The young man rode the horse, but there was no quirting involved. Brown told him he might better go to the kitchen, put on an apron and help cook.

In 1977, Brown was planning to get his PRCA permit. He wanted to pursue bronc riding more seriously.

“I was going to rodeo instead of work on a ranch all my life,” he said.

Before that occurred, he was working on the ranch when his herd horse hit a run then bogged his head and began bucking. The sudden move popped Brown’s head so violently that he was knocked unconscious and then thrown. Brown got back on before everyone realized he was severely injured.

It turned out that when his neck was popped so severely it broke two small bones at the base of his skull. It took several uncomfortable years for him to heal completely, and it ended his saddle bronc riding permanently.

“That was all because of one jump by that horse,” he said.

Brown team roped some over the years until a worn-out shoulder prohibited it. He has a collection of trophy buckles in his home, many of which were won at ranch rodeos. The Turkey Track ranch rodeo team had plenty of success back then. Brown pointed out that many teams now have ringers who might not really be ranch hands.

“They let them come work on the ranch for a few days so they can say they work there and get on the team,” Brown said. “A ranch roper isn’t going to contend with those arena ropers.”

Brown was able to build a cow herd of his own, which he ran on lease country near Maljamar and also between Whites City and El Paso where his daughter Angie and son-in-law Ronnie Derrick have a ranch.
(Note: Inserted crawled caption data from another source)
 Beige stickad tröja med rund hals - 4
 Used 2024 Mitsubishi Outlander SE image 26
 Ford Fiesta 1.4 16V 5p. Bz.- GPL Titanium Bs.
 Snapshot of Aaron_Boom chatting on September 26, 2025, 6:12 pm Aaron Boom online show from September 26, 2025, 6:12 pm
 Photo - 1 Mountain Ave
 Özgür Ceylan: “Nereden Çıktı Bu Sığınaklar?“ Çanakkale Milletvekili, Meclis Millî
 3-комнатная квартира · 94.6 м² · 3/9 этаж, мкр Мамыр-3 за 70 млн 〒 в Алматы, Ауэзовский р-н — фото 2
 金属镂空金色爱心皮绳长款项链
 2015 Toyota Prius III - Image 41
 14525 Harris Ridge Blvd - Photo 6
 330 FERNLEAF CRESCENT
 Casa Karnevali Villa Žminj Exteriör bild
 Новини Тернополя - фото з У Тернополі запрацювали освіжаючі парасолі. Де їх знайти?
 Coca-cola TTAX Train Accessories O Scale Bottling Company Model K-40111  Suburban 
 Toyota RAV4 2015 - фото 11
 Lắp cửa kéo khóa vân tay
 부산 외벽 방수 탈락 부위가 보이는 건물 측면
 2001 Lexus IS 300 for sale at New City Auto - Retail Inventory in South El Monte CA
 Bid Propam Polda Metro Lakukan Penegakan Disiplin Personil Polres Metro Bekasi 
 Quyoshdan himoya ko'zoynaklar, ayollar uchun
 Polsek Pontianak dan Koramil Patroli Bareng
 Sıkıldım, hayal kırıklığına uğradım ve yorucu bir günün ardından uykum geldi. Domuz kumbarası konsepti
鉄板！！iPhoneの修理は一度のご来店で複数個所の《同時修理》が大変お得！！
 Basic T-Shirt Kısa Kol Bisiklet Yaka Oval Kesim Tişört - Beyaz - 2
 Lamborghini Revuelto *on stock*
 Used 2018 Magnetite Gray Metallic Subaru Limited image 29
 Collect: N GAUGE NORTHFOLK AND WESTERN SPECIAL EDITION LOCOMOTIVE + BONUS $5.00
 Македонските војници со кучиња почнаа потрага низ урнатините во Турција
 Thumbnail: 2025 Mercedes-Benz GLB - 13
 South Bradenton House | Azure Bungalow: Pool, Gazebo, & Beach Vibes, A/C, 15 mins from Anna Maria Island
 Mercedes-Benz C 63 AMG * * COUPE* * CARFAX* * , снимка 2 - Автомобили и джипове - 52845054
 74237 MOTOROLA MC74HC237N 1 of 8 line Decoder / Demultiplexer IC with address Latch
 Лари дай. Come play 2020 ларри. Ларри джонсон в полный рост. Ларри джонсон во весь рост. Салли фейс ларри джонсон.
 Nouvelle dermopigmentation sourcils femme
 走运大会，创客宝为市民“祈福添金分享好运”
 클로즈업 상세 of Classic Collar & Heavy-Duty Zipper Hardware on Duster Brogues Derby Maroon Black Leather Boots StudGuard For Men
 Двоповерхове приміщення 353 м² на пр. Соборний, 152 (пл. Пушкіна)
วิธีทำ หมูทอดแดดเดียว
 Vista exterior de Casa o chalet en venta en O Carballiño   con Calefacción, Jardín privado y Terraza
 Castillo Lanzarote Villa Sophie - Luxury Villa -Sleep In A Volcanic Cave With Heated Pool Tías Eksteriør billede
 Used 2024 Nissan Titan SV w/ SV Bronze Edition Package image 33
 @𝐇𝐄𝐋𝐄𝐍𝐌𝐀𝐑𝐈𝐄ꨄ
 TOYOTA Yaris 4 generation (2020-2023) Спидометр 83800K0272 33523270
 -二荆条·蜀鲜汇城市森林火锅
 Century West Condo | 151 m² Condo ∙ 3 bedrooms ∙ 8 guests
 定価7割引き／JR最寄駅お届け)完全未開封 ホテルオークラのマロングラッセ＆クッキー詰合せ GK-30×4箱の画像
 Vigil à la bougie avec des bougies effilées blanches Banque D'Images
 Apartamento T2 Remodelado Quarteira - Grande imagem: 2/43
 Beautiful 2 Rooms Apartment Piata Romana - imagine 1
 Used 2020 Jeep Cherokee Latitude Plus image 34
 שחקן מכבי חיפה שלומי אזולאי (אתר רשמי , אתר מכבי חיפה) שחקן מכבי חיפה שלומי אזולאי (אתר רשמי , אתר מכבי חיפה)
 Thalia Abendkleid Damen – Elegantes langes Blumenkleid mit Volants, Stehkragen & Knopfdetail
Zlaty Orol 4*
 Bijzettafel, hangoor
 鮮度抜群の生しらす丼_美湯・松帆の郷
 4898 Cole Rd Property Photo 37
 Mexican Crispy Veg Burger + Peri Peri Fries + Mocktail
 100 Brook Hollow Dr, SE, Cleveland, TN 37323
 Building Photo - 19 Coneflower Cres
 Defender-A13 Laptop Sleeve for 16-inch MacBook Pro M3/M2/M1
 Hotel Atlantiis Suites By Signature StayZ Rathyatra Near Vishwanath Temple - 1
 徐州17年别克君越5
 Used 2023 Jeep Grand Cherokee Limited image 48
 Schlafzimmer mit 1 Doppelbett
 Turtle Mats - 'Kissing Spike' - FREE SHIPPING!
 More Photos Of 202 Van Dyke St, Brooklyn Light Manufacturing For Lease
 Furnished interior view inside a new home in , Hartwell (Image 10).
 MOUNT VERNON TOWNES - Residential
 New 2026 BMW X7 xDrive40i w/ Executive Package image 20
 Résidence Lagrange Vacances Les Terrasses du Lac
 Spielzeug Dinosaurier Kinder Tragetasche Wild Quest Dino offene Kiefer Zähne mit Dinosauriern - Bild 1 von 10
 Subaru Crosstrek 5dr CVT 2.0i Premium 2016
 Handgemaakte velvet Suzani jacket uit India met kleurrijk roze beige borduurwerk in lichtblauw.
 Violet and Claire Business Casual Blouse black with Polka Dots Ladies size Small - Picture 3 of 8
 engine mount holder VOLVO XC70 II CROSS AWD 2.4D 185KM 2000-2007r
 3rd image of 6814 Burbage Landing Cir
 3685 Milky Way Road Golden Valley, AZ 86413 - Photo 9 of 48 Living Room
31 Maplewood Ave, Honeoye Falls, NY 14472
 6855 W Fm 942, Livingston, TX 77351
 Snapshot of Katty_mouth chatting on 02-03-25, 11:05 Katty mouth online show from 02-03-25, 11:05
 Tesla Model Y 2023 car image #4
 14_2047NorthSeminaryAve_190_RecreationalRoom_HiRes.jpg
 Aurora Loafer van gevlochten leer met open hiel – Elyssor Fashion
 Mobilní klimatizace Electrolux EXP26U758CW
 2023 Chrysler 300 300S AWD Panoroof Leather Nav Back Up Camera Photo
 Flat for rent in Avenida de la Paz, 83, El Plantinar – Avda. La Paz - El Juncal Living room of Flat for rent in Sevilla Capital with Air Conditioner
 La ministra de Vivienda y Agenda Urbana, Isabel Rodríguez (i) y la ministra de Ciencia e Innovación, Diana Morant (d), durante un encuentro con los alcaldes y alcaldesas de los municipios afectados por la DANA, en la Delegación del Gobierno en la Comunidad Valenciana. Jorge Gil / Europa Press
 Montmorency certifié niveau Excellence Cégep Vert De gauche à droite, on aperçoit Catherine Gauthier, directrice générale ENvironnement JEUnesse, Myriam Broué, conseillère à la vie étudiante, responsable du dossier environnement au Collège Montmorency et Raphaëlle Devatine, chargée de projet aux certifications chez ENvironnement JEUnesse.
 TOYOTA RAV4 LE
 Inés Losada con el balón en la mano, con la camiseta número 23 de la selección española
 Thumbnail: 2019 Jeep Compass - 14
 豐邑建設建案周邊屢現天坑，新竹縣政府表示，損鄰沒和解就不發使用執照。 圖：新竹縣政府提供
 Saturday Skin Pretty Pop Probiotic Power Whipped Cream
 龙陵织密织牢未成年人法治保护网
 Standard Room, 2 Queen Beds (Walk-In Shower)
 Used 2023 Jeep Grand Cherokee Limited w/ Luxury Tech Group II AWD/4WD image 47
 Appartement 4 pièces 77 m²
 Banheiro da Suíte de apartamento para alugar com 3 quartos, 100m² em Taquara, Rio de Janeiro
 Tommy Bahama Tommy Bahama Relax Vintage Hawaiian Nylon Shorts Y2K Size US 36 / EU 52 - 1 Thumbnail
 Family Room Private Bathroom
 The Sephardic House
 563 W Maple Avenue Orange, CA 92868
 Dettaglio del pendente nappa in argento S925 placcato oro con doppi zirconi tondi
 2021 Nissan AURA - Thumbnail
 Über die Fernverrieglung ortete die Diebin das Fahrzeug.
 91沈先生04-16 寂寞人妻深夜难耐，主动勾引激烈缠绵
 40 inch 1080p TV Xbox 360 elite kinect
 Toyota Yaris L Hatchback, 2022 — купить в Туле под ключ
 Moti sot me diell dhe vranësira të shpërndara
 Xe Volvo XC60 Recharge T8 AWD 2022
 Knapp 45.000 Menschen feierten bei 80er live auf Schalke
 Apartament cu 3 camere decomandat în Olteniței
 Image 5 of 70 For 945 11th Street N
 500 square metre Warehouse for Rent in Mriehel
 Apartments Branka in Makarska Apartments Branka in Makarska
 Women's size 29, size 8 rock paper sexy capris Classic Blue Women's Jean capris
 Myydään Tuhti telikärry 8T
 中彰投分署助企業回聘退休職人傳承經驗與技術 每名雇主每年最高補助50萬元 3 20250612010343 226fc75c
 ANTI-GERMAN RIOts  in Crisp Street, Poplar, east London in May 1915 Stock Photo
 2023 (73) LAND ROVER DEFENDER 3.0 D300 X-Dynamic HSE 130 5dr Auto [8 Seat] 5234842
“I had about 35 cows down there,” Brown said. “I had to get rid of them because of this drouth.”

His wife, Pam, passed away this past May. The couple raised two children on the Turkey Track Ranch, Angie and Brandon. They have two grandchildren and one great-grandson.

His son Brandon, followed in Brown’s footsteps and became a bronc rider. In 2002 the pickup he was riding in was struck by a drunk driver near Williams, Arizona. Brandon narrowly survived, but a head injury ended his rodeo career and affects him still.

On a shelf in Brown’s home are a pair of Kelly Bros. chihuahua spurs that he wore during his entire employment at the Turkey Track Ranch.

“I wore those for 45 years,” he said.

In 2015, Brown retired from the Turkey Track Ranch. He was still at Bond Camp.

“I never was big on that traveling from ranch to ranch,” Brown said. “I got enough riding in on that one.”



STAYING PUT felt right so when Rufus Brown signed on at the Turkey Track Ranch in Eastern New Mexico, he meant it. He broke horses and punched cows on the 660-section ranch for 45 years, until his retirement a few years ago.

1 comment

Daniel Ball

I remember the day Rufus came out to the Turkey Track Ranch wanting to hire on. I directed him to Millard Derrick who was the boss at the time. And the rest was history as they say. Helluva a cowboy and proud to say a friend.